▸ GOAL OF THE EXERCISE: Please restate each line of the material word for word and omit any pictures.

▸ DATASET EXCERPT:
—————

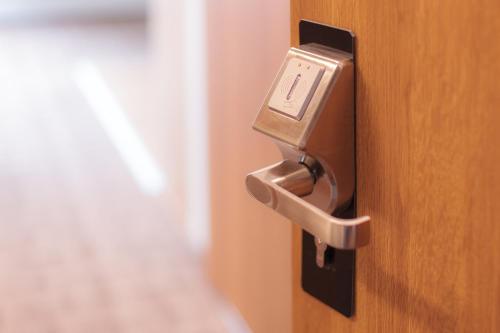 a bronze door knob on a wooden door at SOLAVO HOME&TRAVEL in Solec-Zdrój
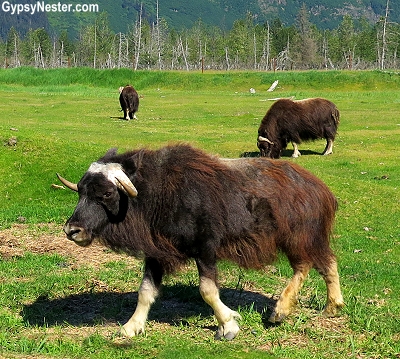 Musk ox at the Alaska Wildlife Conservation Center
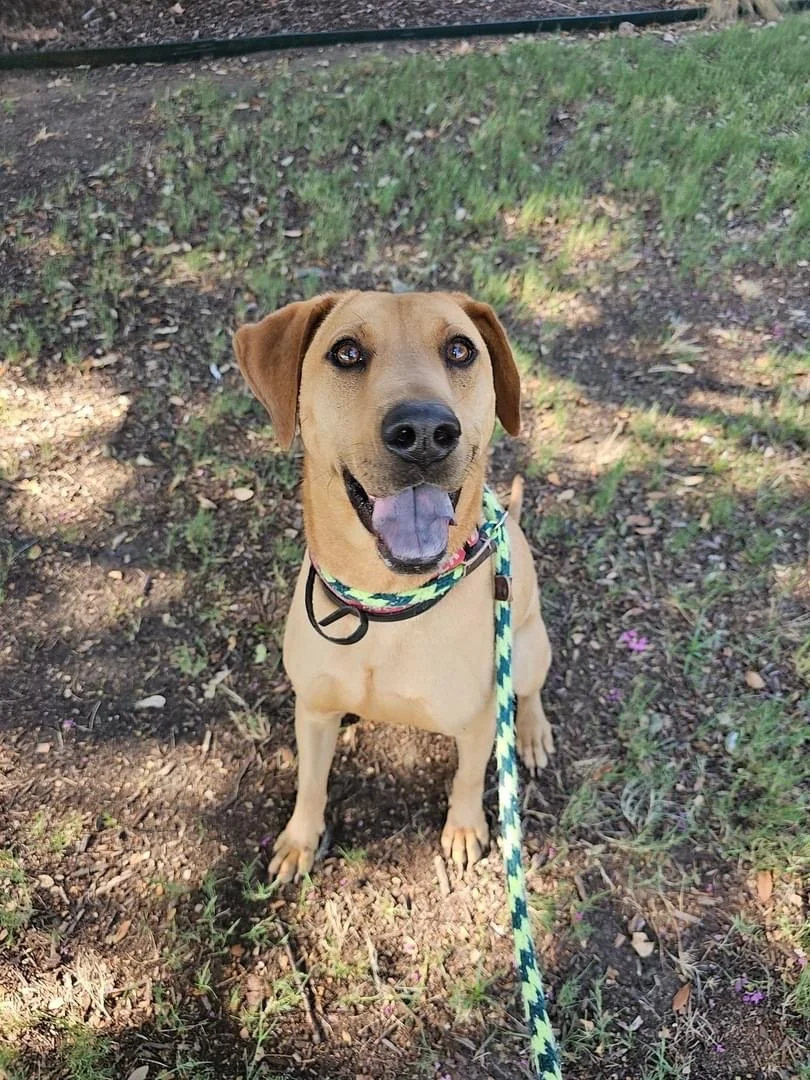 Ridgeback Yellow Lab Mix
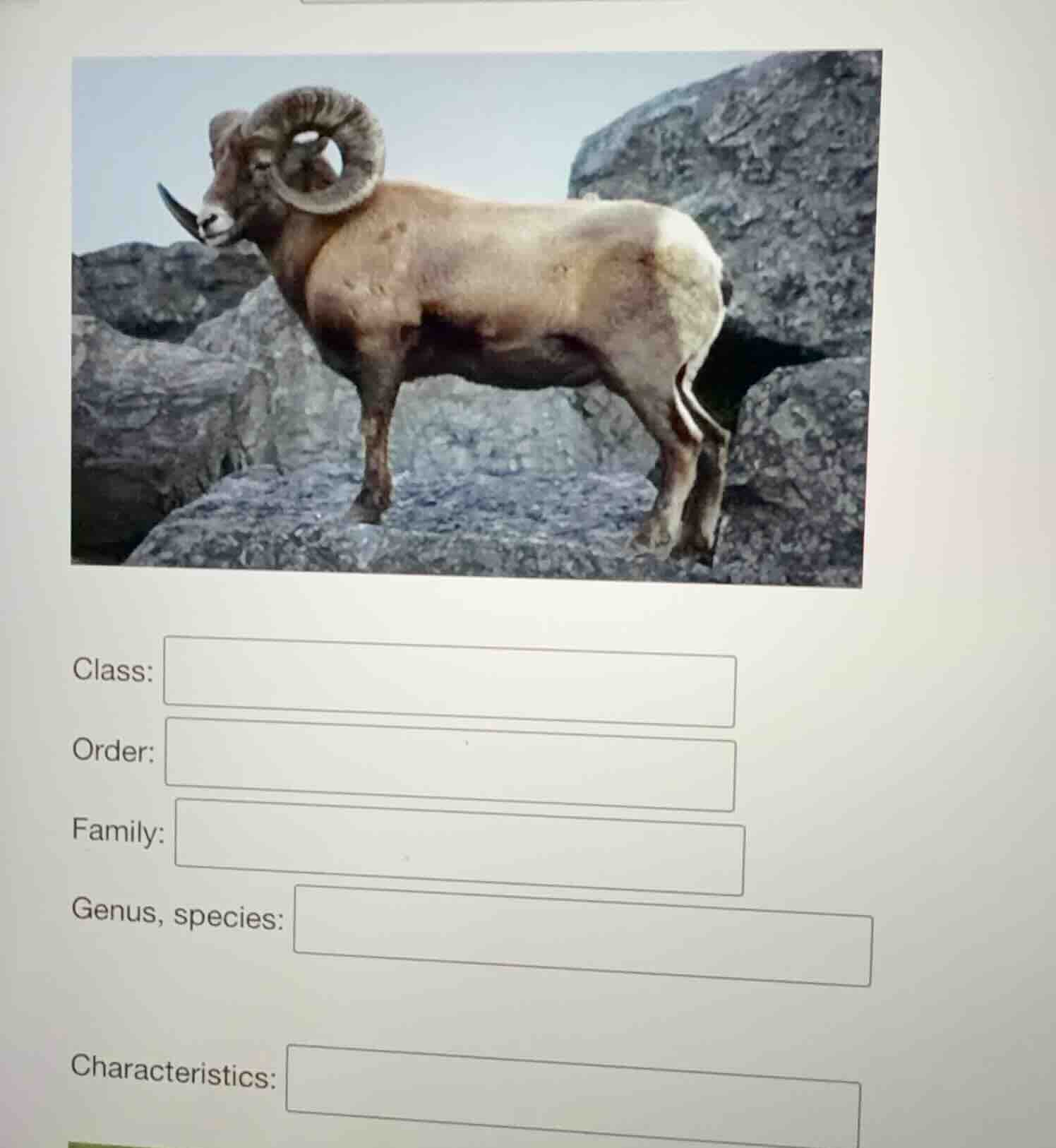 class:order:family:genus, species:characteristics:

—————

▸ SOLUTION TO THIS TASK:
 a bronze door knob on a wooden door at SOLAVO HOME&TRAVEL in Solec-Zdrój
 Musk ox at the Alaska Wildlife Conservation Center
 Ridgeback Yellow Lab Mix
 class:order:family:genus, species:characteristics:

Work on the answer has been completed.